Logistic Regression Plots

bm$binary = as.numeric(bm$binary)# weight, arguement is important for reducing impact of outliers when fitting model for any variable of interest
CA19.9=ggplot(bm, aes(x = sqrt(CA.19.9+1000), y=binary, weight = sqrt(CA.19.9+1000) ,color=Gender)) + 
  xlim(c(30,150)) +
  geom_point() + 
  geom_smooth(data = bm, aes(x=sqrt(CA.19.9+1000), y = binary), method = "glm", method.args = list(family = "binomial")) + 
  theme_classic() + 
    theme(axis.text.x.bottom = element_text( size=12 ),
        strip.text.x = element_text(size = 15, face = "bold"),
        axis.title.x.bottom = element_text(size=16, face="bold"),
        axis.text.y.left = element_text(size = 12),
        axis.title.y.left = element_text(size = 16, face = "bold"),
        legend.title = element_text(size = 13, face = "bold"),
        legend.text = element_text(size = 12)) +
  xlab("sqrt(CA.19.9+1000)") + ylab("Probability of Cancer")
ggsave("CA19-9.png", CA19.9)

## Saving 7 x 5 in image

## `geom_smooth()` using formula 'y ~ x'

## Warning: Removed 5 rows containing non-finite values (stat_smooth).

## Warning in eval(family$initialize): non-integer #successes in a binomial glm!

## Warning in eval(family$initialize): non-integer #successes in a binomial glm!

## Warning: glm.fit: fitted probabilities numerically 0 or 1 occurred

## Warning: Removed 5 rows containing missing values (geom_point).

CA15.3=ggplot(bm, aes(x = sqrt(CA.15.3+1000), y=binary, weight=sqrt(CA.15.3+1000))) +
  xlim(c(31.5,33)) +
  geom_point() + 
  geom_smooth(data = bm, aes(x=sqrt(CA.15.3+1000), y = binary), method = "glm", method.args = list(family = "binomial")) + 
  theme_classic() + 
    theme(axis.text.x.bottom = element_text( size=12 ),
        strip.text.x = element_text(size = 15, face = "bold"),
        axis.title.x.bottom = element_text(size=16, face="bold"),
        axis.text.y.left = element_text(size = 12),
        axis.title.y.left = element_text(size = 16, face = "bold")) +
  xlab("sqrt(CA.15.3+1000)") + ylab("Probability of Cancer")

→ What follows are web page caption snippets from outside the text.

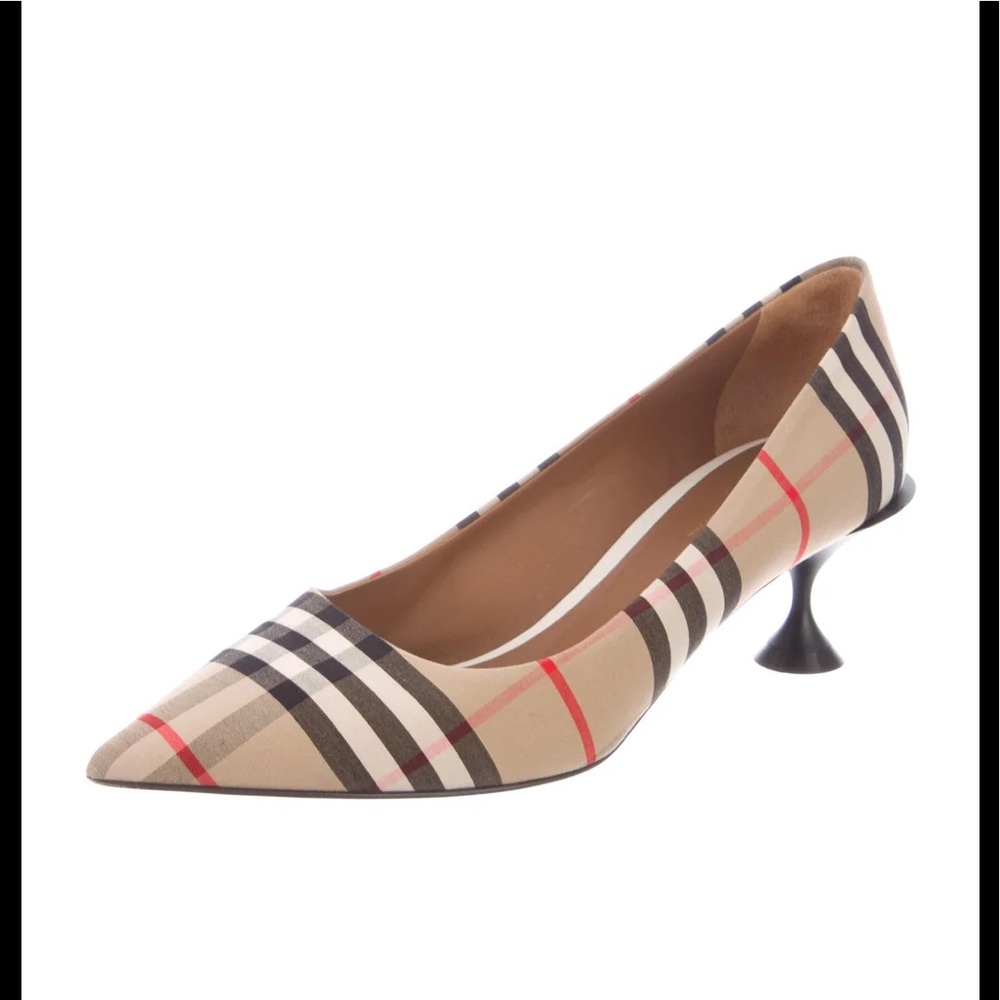Burberry Nova Check Pattern Pumps - image 1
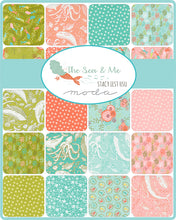 Load image into Gallery viewer, Moda Fabrics - The Sea and Me - Mermaid Dance Kelp - 1/2 YARD CUT
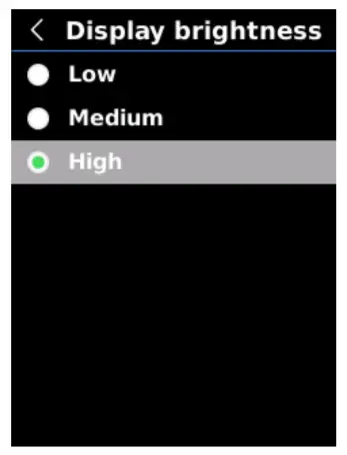 UNI-T UTi220B Professional thermal- Display Brightness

ggsave("CA15-3.png", CA15.3)

## Saving 7 x 5 in image
## `geom_smooth()` using formula 'y ~ x'

## Warning: Removed 1 rows containing non-finite values (stat_smooth).

## Warning in eval(family$initialize): non-integer #successes in a binomial glm!

## Warning: Removed 1 rows containing missing values (geom_point).

CA15.3

## `geom_smooth()` using formula 'y ~ x'

## Warning: Removed 1 rows containing non-finite values (stat_smooth).

## Warning in eval(family$initialize): non-integer #successes in a binomial glm!

## Warning: Removed 1 rows containing missing values (geom_point).

CA19.9

## `geom_smooth()` using formula 'y ~ x'

## Warning: Removed 5 rows containing non-finite values (stat_smooth).

## Warning in eval(family$initialize): non-integer #successes in a binomial glm!

## Warning in eval(family$initialize): non-integer #successes in a binomial glm!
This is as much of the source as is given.